S34 (2) allows an employer to make deductions from an employee’s remuneration because of loss or damage. However, the employer must first comply with the following:

  • The damage must be have been caused by the employee,
  • The employee must be given a fair opportunity to make representations about why the salary deduction shouldn’t be made,
  • The total amount of the debt can’t exceed the loss or damage, and
  • The total deduction can’t exceed one-quarter of the employee’s monetary remuneration.

The BCEA also specifically deals with the recovery of any overpayment made to an employee.

The BCEA allows an employer to deduct any overpayment made to an employee.

In the case of Shenaaz Padayachee v Interpak Books (Pty) Ltd (case number D243-12):

  • The judge held that set-off is a common-law rule, which is seen as a ‘law’ for the purposes of s34(1). This means that no written agreement, for this deduction, was needed from the employee. In addition, there is no limit to the amount that could be deducted.

In this case, the court followed the recent decision of the Supreme Court of Appeal in Capricorn Beach Home Owners Association v Potgieter t/a Nilands and Another 2014 (1) SA 46 (SCA) which confirmed that ‘set-off’ is a recognised common-law principle and, as such, is a ‘law’.

In contrast, in Botha and British American Tobacco SA (Pty) Ltd (2008) 29 ILJ 1301 (CCMA):

  • The CCMA previously held that set-off is not ‘law’ – as contemplated in s34(1)(b) – and that an employee’s obligations can only be set off against an employee’s remuneration in terms of a written agreement.

In the Padayachee case, the employer held that the ‘fine’ it imposed on a former employee for damages suffered could be set-off against the employee’s remuneration without a written agreement.
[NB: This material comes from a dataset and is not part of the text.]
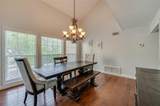 2081 Pennsylvania Drive - Photo 19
The employer set-off the amount of the ‘fine’ from the employee’s remuneration relying on the reference to ‘law’ in s34(1)(b).

However, the court held that the ‘fine’ fell squarely within the realm of a claim for damages and, as such, was not a liquidated amount. The employer was required to comply with the requirements of s34(1)(a) and 34(2).

The employer was therefore not entitled to rely on the principle of set-off as it couldn’t satisfy the legal requirements for set-off.

The court – in the recent judgment of Rank Sharp SA (Pty) Ltd v Kleinman (2012) 33 ILJ 2937 (LC) – held that:

  • The company couldn’t set-off a loan account against a settlement sum agreed on because it couldn’t be shown that one claim was due and payable.
  • The provisions for a deduction allowed in ‘law’ include the common law and set-off. This means these fall within a deduction that doesn’t require agreement in terms of s34(2) of the BCEA.

Accordingly, there may be scope for an employer to set-off an amount against an employee’s remuneration provided that the requirements for valid set-off described above are met.